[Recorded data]
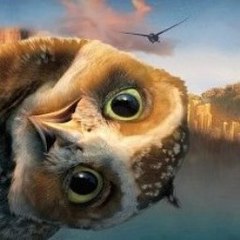 LesleeMcnair News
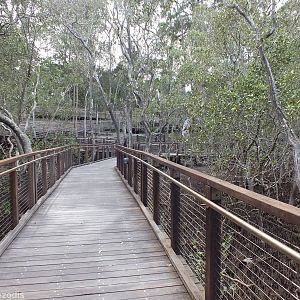 Boardwalk Leading to Entrance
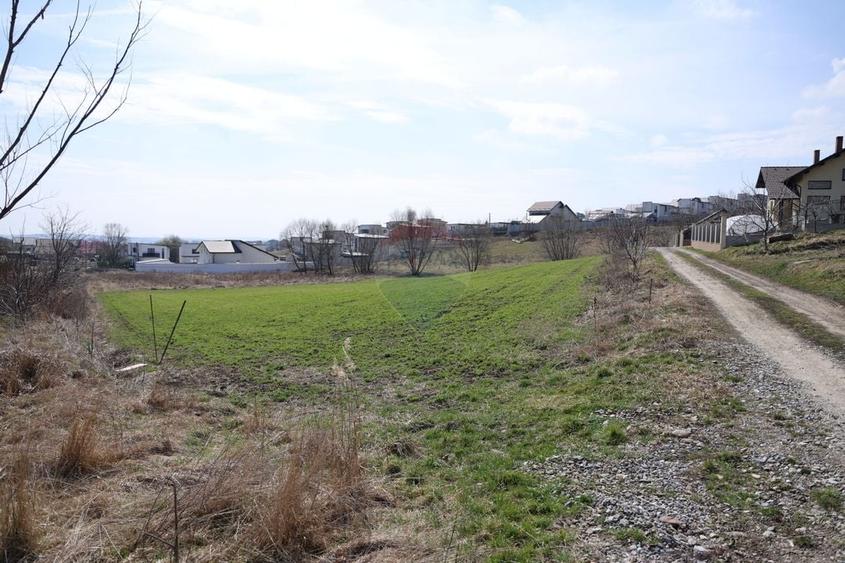Teren Construcții intravilan de 3500 mp, în Moara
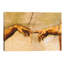 The Creation Of Adam, C.1510 by Michelangelo - Floater Frame Painting on Canvas-191889406-191889399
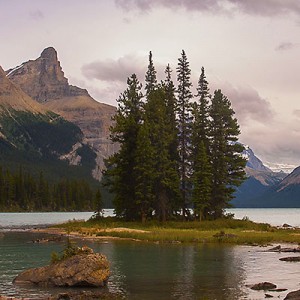 Read more about the article Banff and Jasper – Jasper N.P. (2009/8/10)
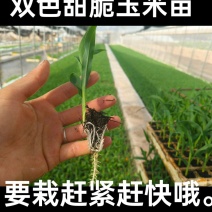 双色甜脆玉米苗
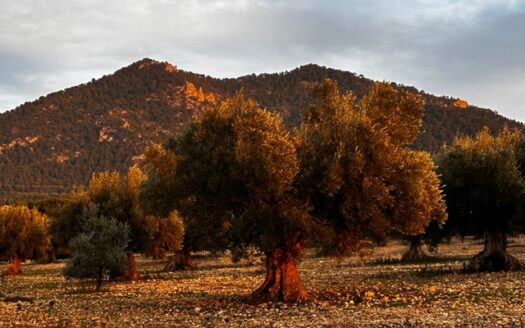 T 384 Se vende terreno en Biar (Alicante)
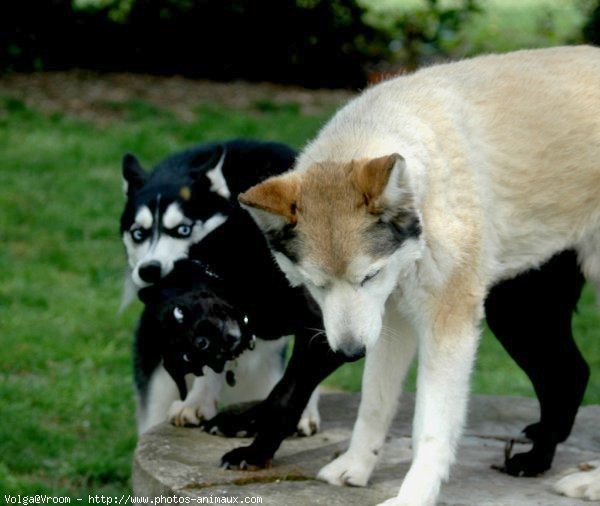 Photo de Husky siberien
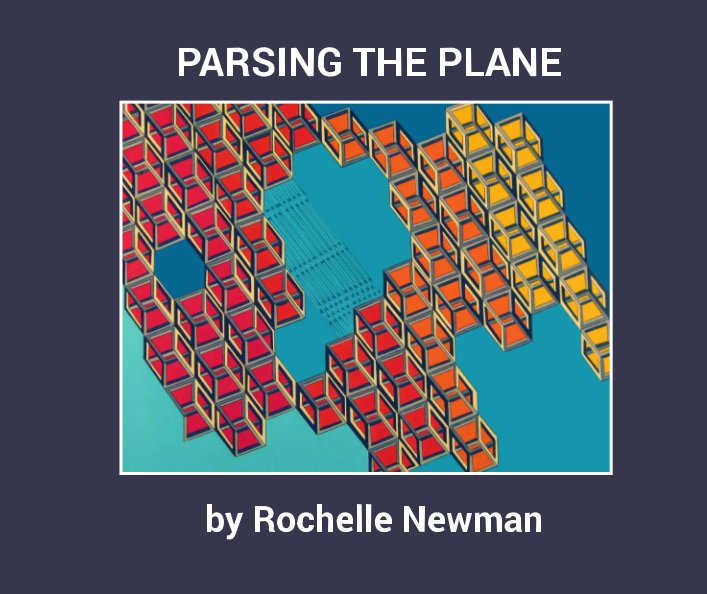 View Parsing the Plane by Rochelle Newman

* **TASK TO COMPLETE**:
The last line of the entries marks the end, and the line with "Teren Construcții intravilan" marks the start. Output exactly those two lines and every line between them, nothing else, with the pictures left out.

* **YOUR RESPONSE**:
Teren Construcții intravilan de 3500 mp, în Moara
 The Creation Of Adam, C.1510 by Michelangelo - Floater Frame Painting on Canvas-191889406-191889399
 Read more about the article Banff and Jasper – Jasper N.P. (2009/8/10)
 双色甜脆玉米苗
 T 384 Se vende terreno en Biar (Alicante)
 Photo de Husky siberien
 View Parsing the Plane by Rochelle Newman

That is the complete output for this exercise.